O Demoiselle (fotos) – segundo avião criado por Alberto Santos Dumont -, um século depois de sua criação em 1907, volta a desfilar pelos céus franceses, disputando espaço com os jatos e supersônicos dos principais fabricantes mundiais, durante a feira de Le Bourget, a maior exposição comercial da aviação na Europa, realizada nos arredores de Paris, França, nesta semana que se inicia, entre 18 e 24 de junho de 2007.
“Será um momento histórico, realizado exatamente 100 anos após Santos Dumont voar com o Demoiselle e impressionar o mundo com a aeronave que revolucionou a indústria da aviação mundial no início do século XX”, informa Fernando de Arruda Botelho, presidente do Instituto Arruda Botelho, proprietário das duas réplicas do Demoiselle que já estão na França.

Além de vôos demonstrativos, as réplicas ficarão expostas no Salon International de l’Aéronautique et de l’Espace, em Le Bourget. No local, um estande cenográfico apresentará a trajetória da aviação brasileira, de Santos Dumont aos dias atuais, apresentando aos visitantes informações sobre a tecnologia nacional e o seu potencial como fornecedor global de aeronaves, equipamentos e peças para a atividade.

Fonte: Portal Webtranspo

Os feitos de Santos Dumont, e de tantos outros que contribuíram para a concretização da aviação, revolucionaram o transporte de passageiros e de cargas, em nível mundial. Há que ressaltar que, no caso do Demoiselle, Santos Dumont não solicitou patente para que ele pudesse ser copiado livremente, o que demonstra o elevado espírito público do inventor.

As homenagens a Santos Dumont expressam, portanto, o carinho e o reconhecimento da humanidade pela dedicação dele e de outros, para chegarmos ao ponto que chegamos.

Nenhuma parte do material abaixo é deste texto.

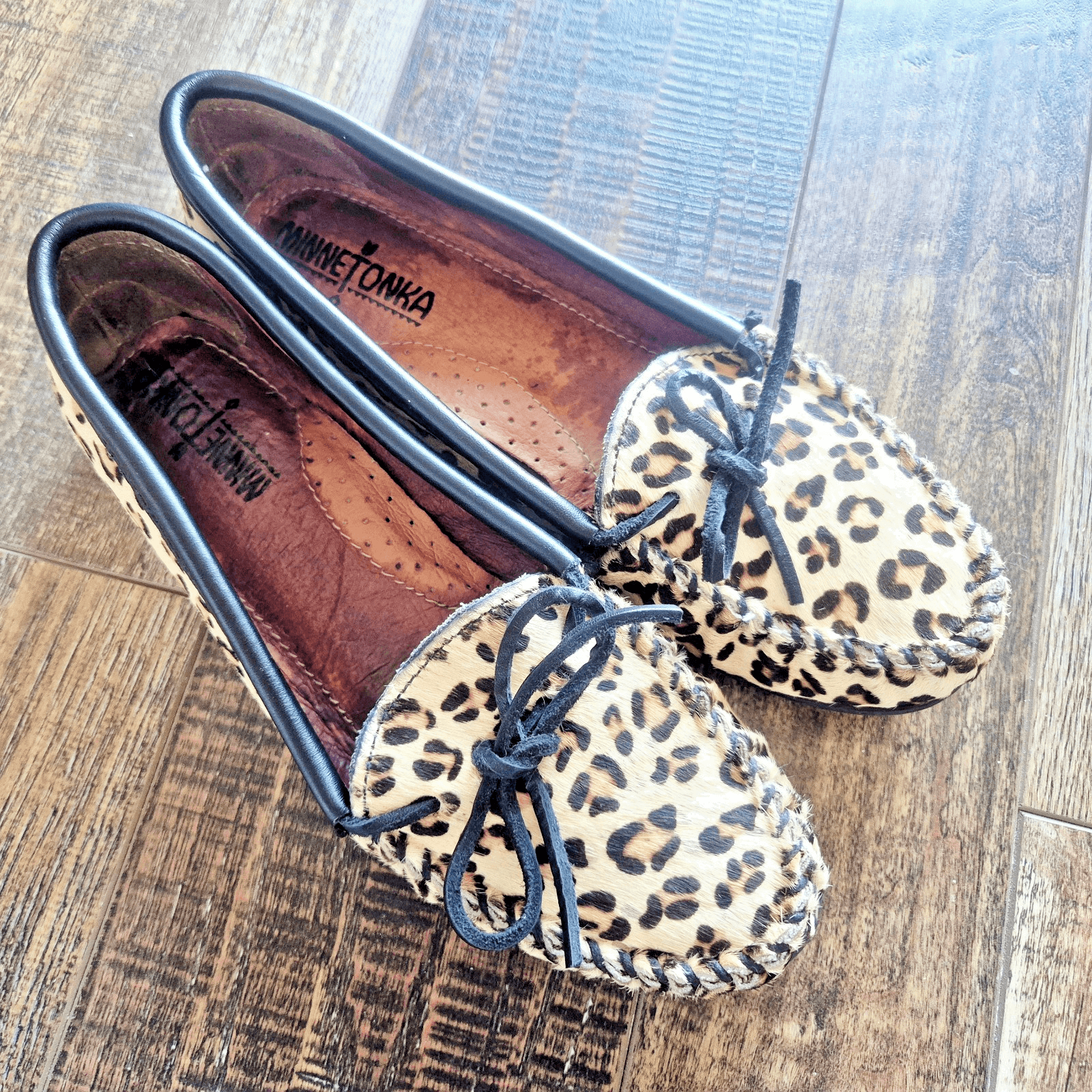 Minnetonka Leopard Leahter Dyed Calf Hair Moccasins Loafer Slip-On Women's US8 - Thumbnail 4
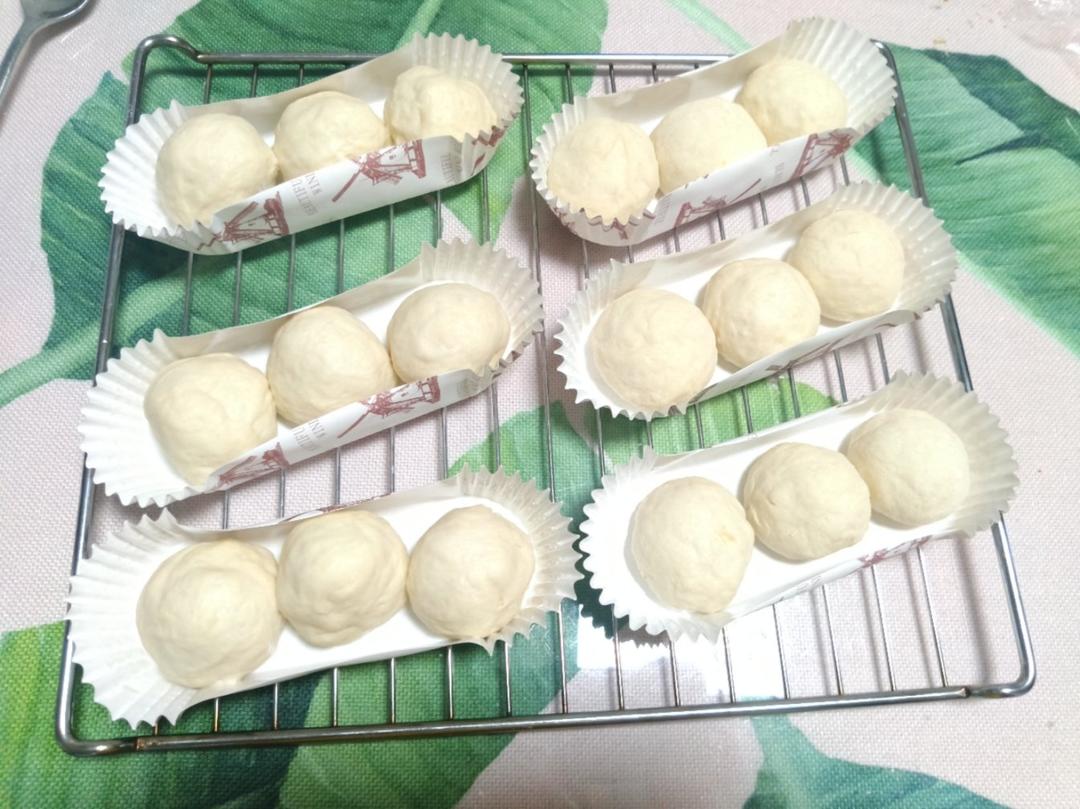 长得有点像章鱼小丸子的面包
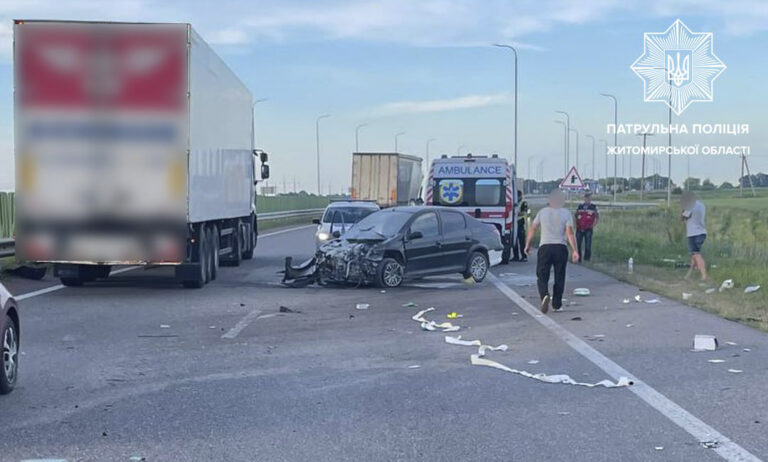 До уваги водіїв! У зв’язку з ДТП з потерпілими, рух транспорту частково ускладнений в напрямку Києва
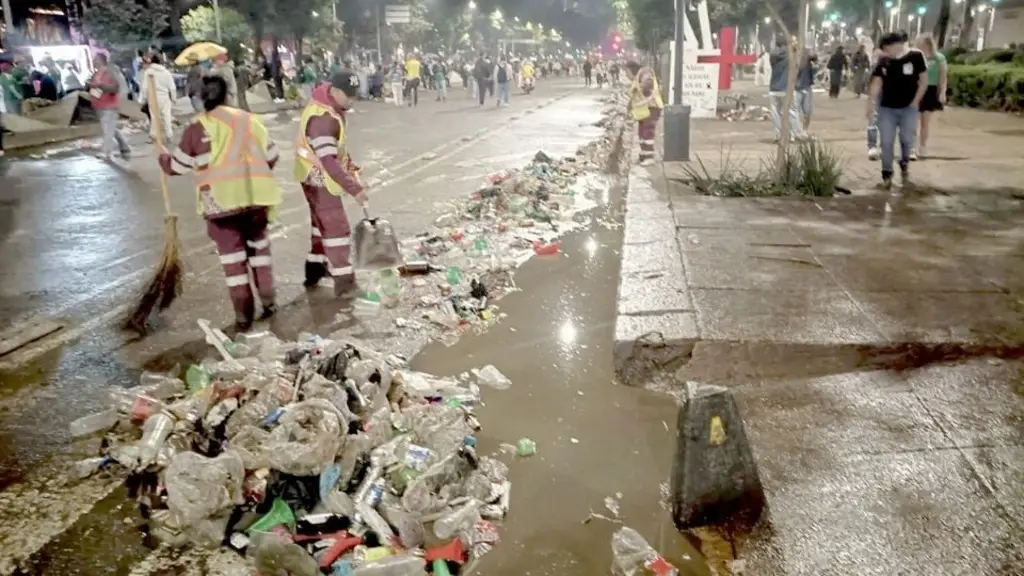 Imagen Toneladas de basura inundan Ciudad de México tras el triunfo de la selección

Um dos “outros” mais importantes foi Leonardo Da Vinci que, por volta de 1500, elaborou um estudo de um instrumento que pudesse voar.
Utilizou como modelo as asas de um morcego. Alongadamente às estruturas interdigitais do animal, construiu o instrumento voador, cujas funções eram a sustentação e o comando. Em muitos de seus inventos, utilizou as “asas móveis”, que eram movidas através de alavancas e manivelas, manipuladas por um operador que ficava sentado e com as pernas abertas.

Na mitologia grega, Ícaro foi o precursor do sonho humano de voar e morreu quando a cera que prendia as suas asas artificiais ao corpo se derreteu, caindo ele no Mar Egeu.